Now we have to fight an uphill battle with C developers to make them realize
the benefict
of using safer languages while fixing security holes every day.

--
Paulo

"Walter Bright" <newshound2@digitalmars.com> wrote in message news:ia22e1$1upn$1@digitalmars.com...
> Russel Winder wrote:
>> Pascal was never really intended as a production language, it was intended for teaching programming and the abstract concepts behind programming.  I suggest that in the period 1972-82 it achieved its goals admirably.  From 1984 onwards it was clearly becoming insufficient for the task and things moved on.
>>
>> Most of the commercial Pascal varieties tried to be variants on Modula-2 but labelled themselves Pascal, and here lie the real problems and the hassles that led to Pascal ending up with a bad name -- one it should not be landed with in perpituity.
>
> I think Pascal did a good job of promoting "structured programming", the buzzword of the 70's.
>
> "User Friendly" was the buzzword of the 80s.
>
> "Object Oriented" for the 90s.
>
> "Generic" for the 00s.
>
> "Functional" for the teens, I suppose.
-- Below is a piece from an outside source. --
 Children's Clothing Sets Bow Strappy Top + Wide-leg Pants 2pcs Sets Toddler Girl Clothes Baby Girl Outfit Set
Too soon to tell.
>
> I'm less forgiving of Pascal than you are. I have the original PUM&R, and yes, it was designed as a teaching language. But still, a teaching language shouldn't be so awfully crippled and with such huge mistakes (array handling).
>
> Modula-2 failed because by the time it appeared, everyone fed up with Pascal's failings had moved to C (and then C++). I remember a Modula-2 vendor telling me in the late 80's that they'd screwed up and backed the wrong horse, they should have gone with C++.
>
> Modula-2 also screwed up by not calling itself Pascal-2.
>
> I used OMSI Pascal in 1978 or so, I don't think it was related to Modula-2. Naturally, it had extensions, too. Pascal is unusable without extensions, even for simple programs.
>
> Pascal annoyed me so much, and C was *so* much better, I never gave M2 a serious look. Consider this: C today is still a dominant language, and is largely unchanged from the early 80's. But Pascal evolved into Modula, Modula 2, Oberon, Delphi, Object Pascal, etc., always trying to find a workable combination of features. Meanwhile, the world passed it by.


October 25, 2010
Paulo Pinto:

> Now we have to fight an uphill battle with C developers to make them realize
> the benefict
> of using safer languages while fixing security holes every day.

See bugs from integer overflows, for example.
A "battle" that I'm willing to "fight" every day :-)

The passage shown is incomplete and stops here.